Pointé par plusieurs avocats internationaux, le danger d’une déstabilisation du Cameroun, dont l’unité est déjà fragilisée par l’insurrection quasi permanente des régions anglophones, et dont la sécurité est mise en cause par les incursions de la secte islamiste Boko Aram dans les départements du Nord. Les conséquences d’un ébranlement plus grand du pays risqueraient de se faire sentir dans les pays voisins, République du Congo, Gabon, mais aussi Centrafrique, Tchad ou Nigéria. C’est toute l’Afrique centrale qui payerait le prix d’un déchaînement de violence au Cameroun.
Quelle réaction de la communauté internationale?
Par ailleurs, la réaction de la communauté internationale interroge : comment accorderait-elle son soutien à une répression injuste qui verrait le plus ancien potentat africain, Paul Biya, âgé de 93 ans, imposer par la fraude et la force une réélection que son peuple rejette? Les exemples de mobilisation des jeunes générations ailleurs sur le continent, à Madagascar, par exemple, ou au Maroc, après le lointain Tibet, ont défrayé la chronique au cours des derniers mois. Or la jeunesse du Cameroun pourrait elle aussi se mobiliser, malgré le déploiement de l’appareil policier et militaire dans les grandes villes. Une répression à balles réelles comme elle a été observée à Garoua au début de la mobilisation en faveur de la reconnaissance de la victoire de Tchiroma, loin de calmer la mobilisation, pourrait embraser le pays et entraîner une guerre civile à composante communautaire dont nul ne peut à ce jour prédire ni le degré de violence, ni a fortiori l’issue.

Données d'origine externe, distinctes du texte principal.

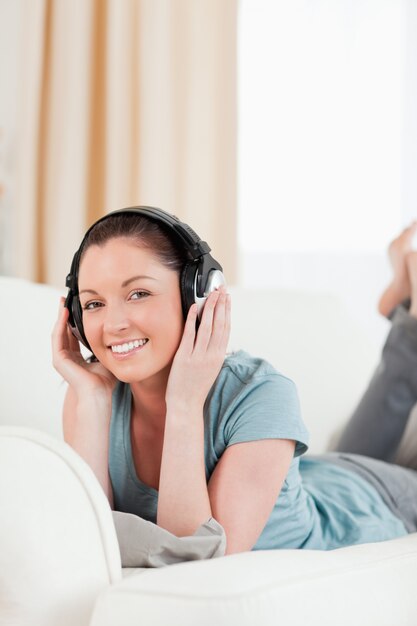 Jolie femme avec un casque posant en position couchée sur un canapé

Le trop long intervalle de quinze jours qui s’écoule légalement au Cameroun entre le résultat des urnes, affiché dans chaque bureau de vote, et la remontée des feuillets signés à la Commission électorale dont l’indépendance est mise en cause, constitue une anomalie au XXIème siècle, à l’heure où la collation numérique des résultats ne prend, dans tous les pays du monde, que quelques heures.
Le pari dangereux d’une falsification annoncée des résultats du scrutin
Ce délai n’a pas d’explication rationnelle, sinon qu’il permet une falsification du résultat du scrutin, en amalgamant aux résultats réels de supposés relevés issus de bureaux de vote situés dans des régions où ils ne furent même pas ouverts, parce que les conditions sécuritaires ne le permettaient pas. On s’étonnera ainsi rétrospectivement de découvrir que le candidat Paul Biya a remporté 100% des suffrages dans des villes actuellement en insurrection contre l’Etat camerounais. Quelle crédibilité accorder à ces suffrages unanimes en faveur du sempiternel Chef d’un État rejeté avec violence par ces populations?
Le report de la date de proclamation des résultats par le Conseil constitutionnel au lundi 27 octobre pourrait être le signe d’une volonté de médiation de la part de l’entourage de Paul Biya : proposition a été faite au candidat sorti des urnes, Issa Tchiroma Bakary, de prendre la tête d’un gouvernement d’unité nationale. Toutefois celui-ci en a été découragé par le précédent vécu lors des dernières élections, où un engagement analogue avait été suivi d’une arrestation du candidat vraisemblablement élu, Maurice Kamto.
Dans une situation de tension extrême, la mobilisation des Camerounais qui n’ont pas hésité à descendre ce dimanche dans la rue pour soutenir l’expression des urnes oblige à la fois le président sortant et l’appareil du RDPC, son parti, à faire preuve d’une prudence extrême dans la présentation d’une victoire factice dont la plupart des observateurs contestent ouvertement la réalité. Parier sur l’apathie populaire et la résignation générale face à une répression policière et militaire brutale n’est pas forcément le plus raisonnable aujourd’hui.